My Radical Perspective Shift
I was walking around the markets in Thailand and as I walked through the meat section in the coastal market I came across carcass after carcass of ducks, pigs, sharks, eels, chicken feet, cow hoof, sting ray, you name it... all manner of life! The smell was horrendous. In the corner there was a section (probably just for tourists) of live animals locked in cages and small aquariums, frogs piles 3 layers high rotting alive, eels laying over top, turtles in cages no bigger than their shell, birds stuck flightless. With a sign above them:
"Pay to free the animals - brings good luck."
Now, to those of you who are disgusted, living in the western world, and thinking:
"Only in Asia would they treat animals this way!"
I'll just say. In Asia it's just a little more truthful, in the west, the tortures and atrocities take place in massive factories and farming operations, no different than the situation I described here.
I mean, for Thanksgiving we have this weird thing where we stick a chicken carcass inside the hollowed out body of a duck carcass and shove that inside the hollowed out body of a turkey carcass and cover it in dead pig slices, we call this a delicacy...
This thought carried a bit further, I believe in the concept:
"As above, so below. As within, so without."
On one level it means that how we interact with the world around us, in turn, affects the way the world interacts with us, a sort of universal mirroring. As I walked through that market, not only witnessing the disrespect towards an animal life I saw a blatant disrespect toward human life, as humans were doing horrendous things to ourselves and each other.
"Farms"
Never has this phrase rang so true to me.
Maybe, we humans are suffering because all we eat is suffering...
I found a modicum of understanding in the way human life is being treated in such a way as well, where we spend our lives pent up, our talents wasted, creativity and freedoms lost and began to wonder:
Is this a parallel to the way we treat other life forms?
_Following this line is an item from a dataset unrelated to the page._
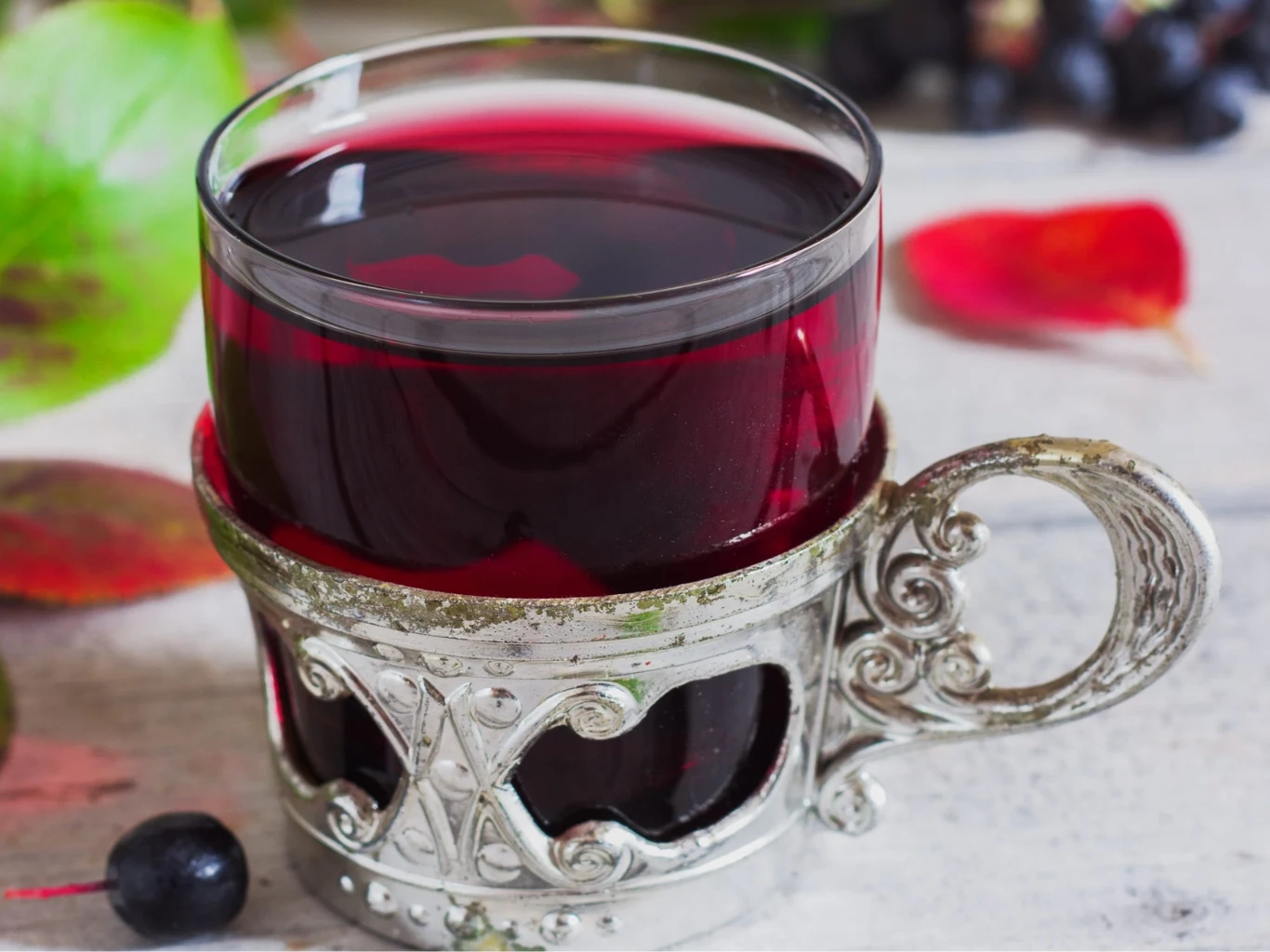 Aronia ma wiele witamin i wartości. Doskonale smakuje w formie naparu. Szklanka z ciemnoczerwonym naparem z aronii w metalowym koszyczku, obok liście i owoce aronii.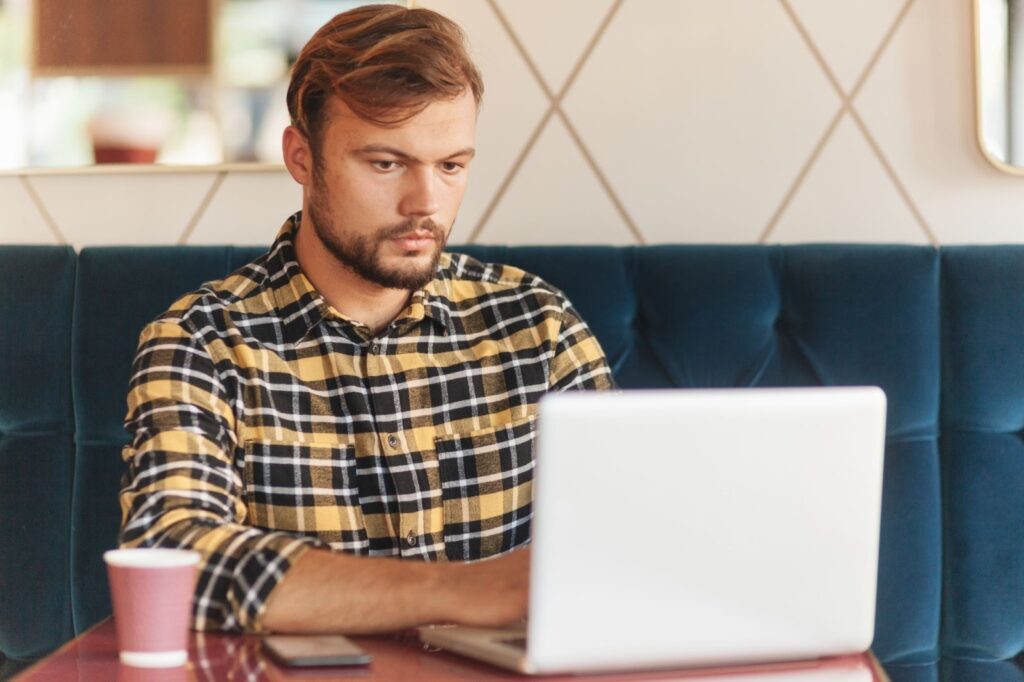 Man reading article on how to remove text from video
Have we enslaved ourselves the same way we have attempted to enslave our natural world?
Maybe we're able to justify treating other life this way because we're treating ourselves this way?
Just a bit deeper. Many (vegan) agricultural operations are just the same. Where we plant rows and rows of monocrops, the situation for the plants is no better than the animals, tortured, poisoned, segragated and crowded...
Hunted to Extiction
Over 322 beautiful species have gone extinct from humans, mainly from hunting, how many more will follow?
At any rate, I have been tinkering back and forth with being vegetarian/vegan and slowly cutting out different animal/meat sources the last few years, mostly for ethical, financial, ecological and personal health reasons; but now I believe I found an existential reason for avoiding this old practice.
Anyways, thought I'd share an 'ah ha' moment I had recently!
What are your thoughts on this, I would love to hear them?